Green tea, a water extract of the non-fermented leaves of Camellia sinensis L., is a very popular beverage in China and is becoming increasingly popular worldwide, partly because of many documented evidences about its beneficial effects on health. It contains numerous components, including catechins, caffeine, amino acids, carbohydrates, proteins, chlorophyll, volatile compounds, fluoride, minerals, and other undefined compounds11. Traditional Chinese medicine has considered tea as a medicine and healthful beverage since ancient times. Several biological properties have been associated to tea polyphenols (TP), including antioxidant, anti-carcinogenic and antimicrobial activities.

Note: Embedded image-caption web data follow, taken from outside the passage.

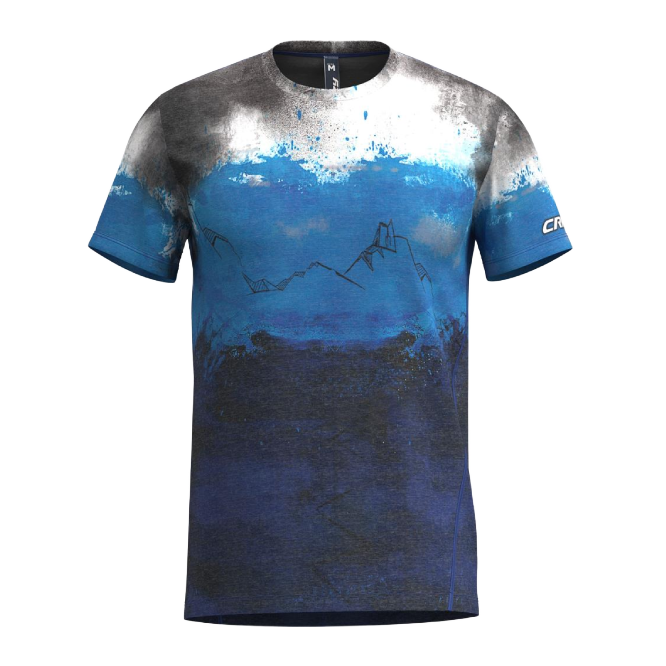 Crazy Idea Legend Shirt – Climb Smart Shop - Main Image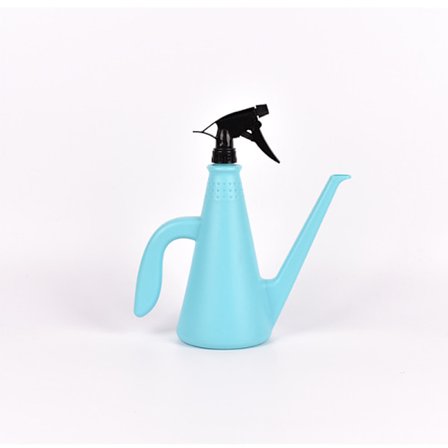 Plastik Havevandingkande, Tom Plante Sprøjte, Blomst Sprinkler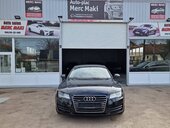 Audi A7 quattro Matrix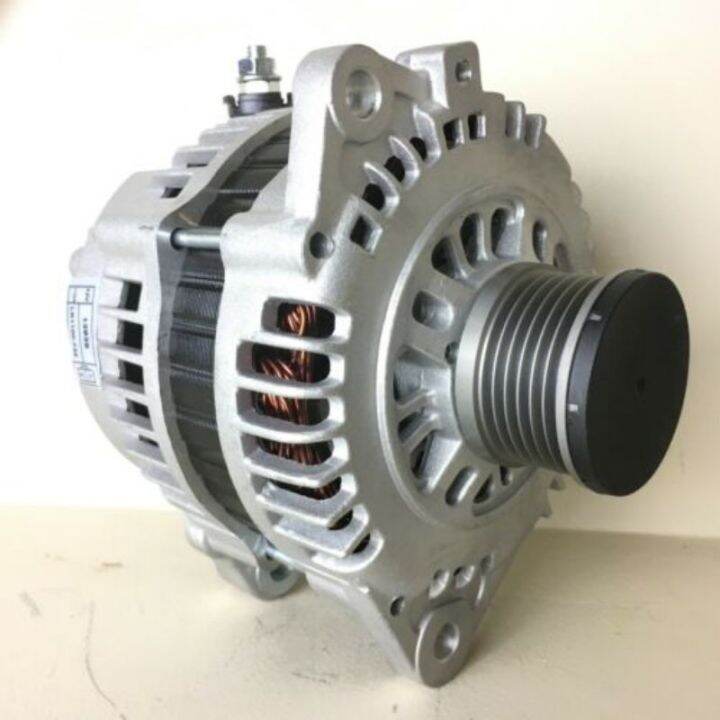 Alternator Serena c24 Qr20 Xtrail Qr20 T30 Liberty Lazada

Many studies have shown that the constituents of tea may contribute to human health including the prevention of cancer and cardiovascular diseases, the anti-inflammatory, anti-arthritic, antibacterial, anti-angiogenic, anti-oxidative, antiviral, neuroprotective, and cholesterol-lowering effects12. Extract of Camellia sinensis can modulate the Quorum sensing of Pseudomonas aeruginosa13. We hypothesize that some of its antimicrobial properties may be contributed by the QSI phytochemicals present in it.

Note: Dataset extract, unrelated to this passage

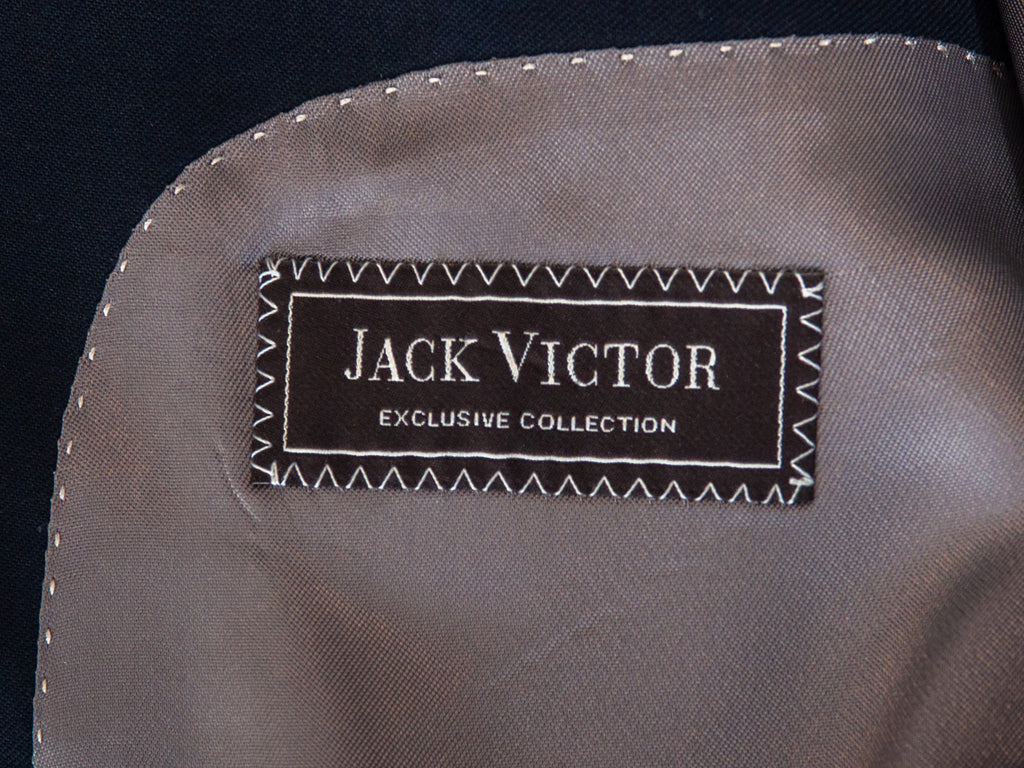 Jack Victor Exclusive Collection Napoli Blazer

The purpose of this study is to determine whether QS inhibition activities are present in TP. Furthermore, the influence of TP on P. aeruginosa quorum sensing- regulated virulence factors production (protease, elastase, pyocyanin and rhamnolipid), motility and biofilm formation were also assayed. Additionally, we also show the treatment of TP can be a potential candidate to minimize P. aeruginosa pathogenesis in C. elegans-P. aeruginosa and excision wounds mice-P. aeruginosa infection model. Our work reveals the importance of TP as a new antivirulence compound against P. aeruginosa infection.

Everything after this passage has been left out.